Web Browser Bot

Updated June 2026
The web browser bot is a real headless Chromium that agents drive interactively, navigate, click, type, scroll, read, and decide what to do next from what they see. It runs on Playwright with stealth hardening, persistent fingerprint profiles, proxy support, and full session, tab, and frame control.

Most of the web has no API, and a meaningful slice of the web that matters to a business actively resists automation. The browser bot is the platform's answer to both: agents get the same instrument a person uses, an actual browser, with the controls exposed as commands. The research pipeline uses it to work sources, agents use it for any job that lives behind a login or a form, and you can direct it conversationally through the master agent.

Sessions: The Working Unit

Work happens in sessions. An agent opens a session, gets a session id, and issues commands against it: the browser stays alive between commands, cookies and login state persist, and multiple sessions can run side by side without touching each other. Sessions list, close individually, or close all at once, and long-lived sessions are bounded, a sticky session caps at 25 minutes, which keeps abandoned browsers from accumulating. Each session can also hold multiple tabs, with commands to open, list, switch, and close them, so an agent can compare two pages the way you would, side by side rather than back and forth.

Fingerprint Profiles

Headless browsers announce themselves in dozens of small ways, and sites that resist automation read those signals. The bot ships with stealth hardening on top of Playwright and adds persistent fingerprint profiles: a profile carries a consistent viewport from common desktop resolutions, a current Chrome user agent, a believable GPU identity, and a plausible timezone, and the browser launches with the automation tells disabled. Profiles persist on disk, so an identity that logged into a site last week presents the same fingerprint this week, which is exactly how a real returning visitor looks. Profiles are created, inspected, updated, saved, and listed by command, and an agent can maintain separate profiles for separate jobs.

Interacting with Pages

The command set covers everything a hand on a mouse does. Navigation: goto, back, forward, refresh. Element interaction: click, type, press for keyboard keys, select for dropdowns, and hover. Movement: scroll, wait for elements or conditions, and sleep for explicit pacing. Precision work is covered too: raw mouse clicks by coordinate for stubborn interfaces, and frame commands that list iframes and click inside them, which is where embedded widgets and payment forms live. Interaction is paced like a person rather than fired like a script, which both reads naturally to sites and avoids racing pages that load in stages.

Reading and Seeing

Acting is half the loop; the other half is perceiving. Three reading commands return the page at different depths: a cleaned reading of the visible content for quick judgment, a full extraction when everything matters, and raw text when structure is noise. Screenshots capture the actual rendered page, full page or viewport, saved where agents can inspect them, the agent's eyes for visual judgment calls and your evidence when you want to see exactly what the bot saw. For anything the standard commands do not cover, execute_js runs arbitrary JavaScript in the page and returns the result, the escape hatch that makes the tool complete.

Proxies

Provider configurations give sessions their network identity: route a session through a proxy provider and its traffic originates where you need it to, with profiles and providers composing naturally, a consistent fingerprint on a consistent route. Providers are configured once in the tool's providers directory and selected per session.

How Agents Use It

The bot is a standard tool in the tool layer, so every agent can call it, and the interactive loop is the point: issue a command, read the result, decide, repeat. That loop is what separates it from fetch-and-parse scraping, an agent using the browser bot can handle a login wall, a cookie banner, a multi-step form, pagination, and an unexpected layout change in one session, because at every step it sees where it is and chooses what to do next. Agents learn site-specific procedures as they go and save them to the memory bank as learned procedures, so the second visit to a tricky site goes faster than the first.

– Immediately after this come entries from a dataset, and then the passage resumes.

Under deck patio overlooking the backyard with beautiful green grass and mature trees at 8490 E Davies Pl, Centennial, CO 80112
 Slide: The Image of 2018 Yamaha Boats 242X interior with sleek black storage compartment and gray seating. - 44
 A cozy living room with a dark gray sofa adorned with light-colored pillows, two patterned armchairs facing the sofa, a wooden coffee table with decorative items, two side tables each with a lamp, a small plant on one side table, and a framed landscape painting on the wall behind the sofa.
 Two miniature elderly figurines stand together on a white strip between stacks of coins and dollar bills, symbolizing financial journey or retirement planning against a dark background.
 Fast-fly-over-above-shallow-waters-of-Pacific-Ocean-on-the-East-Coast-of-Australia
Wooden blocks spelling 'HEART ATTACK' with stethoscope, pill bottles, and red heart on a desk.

For high-volume structured collection from the major platforms, the BrightData integration is the complementary instrument: APIs where APIs work, the browser where hands are needed. Together they cover the spectrum from bulk data to bespoke interaction.

Key Takeaway

A real Chromium under agent control: stealth fingerprint profiles that persist, sessions with tabs and frames, human-paced interaction, three depths of page reading plus screenshots, JS execution, and proxy routing. If a person can do it in a browser, an agent can do it here.